Hiking and Scouting are practically synonymous. But the assumption is often made the hikes take place during the day. I’ve learned that night hikes can be a great way to engage the troop during a campout.
Our SPL came up with the idea for the first night hike during my Scoutmaster tenure. His idea came about after struggling to put together successful campfire skits. As is sometimes the case, our scouts had become uninterested in campfire ceremonies. Our SPL figured that scouts would be more apt to sing, act silly, and have fun during a night hike. And he was certainly right!
He and the Patrol Leaders mapped out a 2 mile course. Several stations were defined where the hikers stopped for a rest and fun. 1) scary story station, 2) night sky exploration, 3) funny story station, and several others where specific skits were performed.
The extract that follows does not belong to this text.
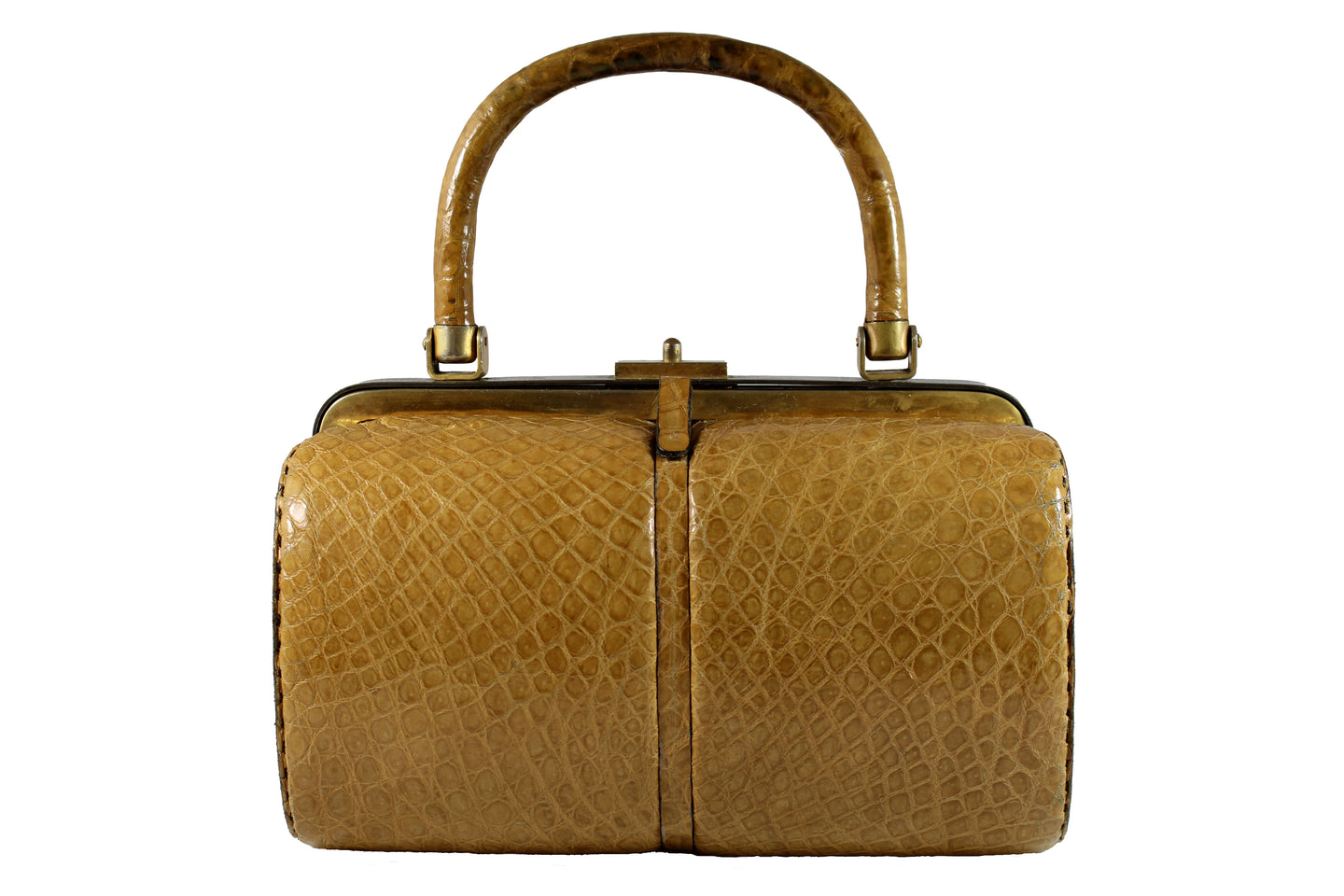 WIEN cylindrical caramel crocodile skin handbag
Part of the course was designated as “lights out” – meaning all flashlights had to be turned off and scouts had to “feel” there way along the trail while cooperating with each other to avoid obstacles.
I questioned whether his plan would work. Scouts would complain, someone would get lost, the older scouts would outpace the younger, scouts would lose interest in the stations, etc. I was wrong. It wasn’t the first time. Or the last.
As it turns out, our Troop basically sang songs the entire 2 miles. Stations worled very well. And, cause the scouts were moving ahead of adults, adults were in no position to intrude on their plans. Best yet, the scouts were fairly tired by the time we wandered back into our camp and went to sleep almost imediatly.
Another time, we camped on Block Island off the shore of Connecticut in the Long Island Sound. We hiked about 2 miles from our campsite to the shore and had a party on the beach.
As an adult leader, a few extra precautions are in order for a night hike. In particular, making sure scouts don’t get seperated and wander in the wrong direction. I always tell the SPL to lead the procession and have adults follow up the rear to account for stragglers. At key trail split-offs, I have the patrol leaders post there to make sure scouts go the right way. Walkie -talkies and/or cell phones are key to recovering anyone who gets lost. Frequent buddy checks and spacing between scouts on the trail to prevent falls is important. And tell scouts to keep their knives folded and stowed to provent injury. A natural perimeter to the hiking course is useful: mine was the ocean on block island and the edge of a large state park.
Cheap glow sticks or necklaces from the local dime store are also useful for spotting lost scouts.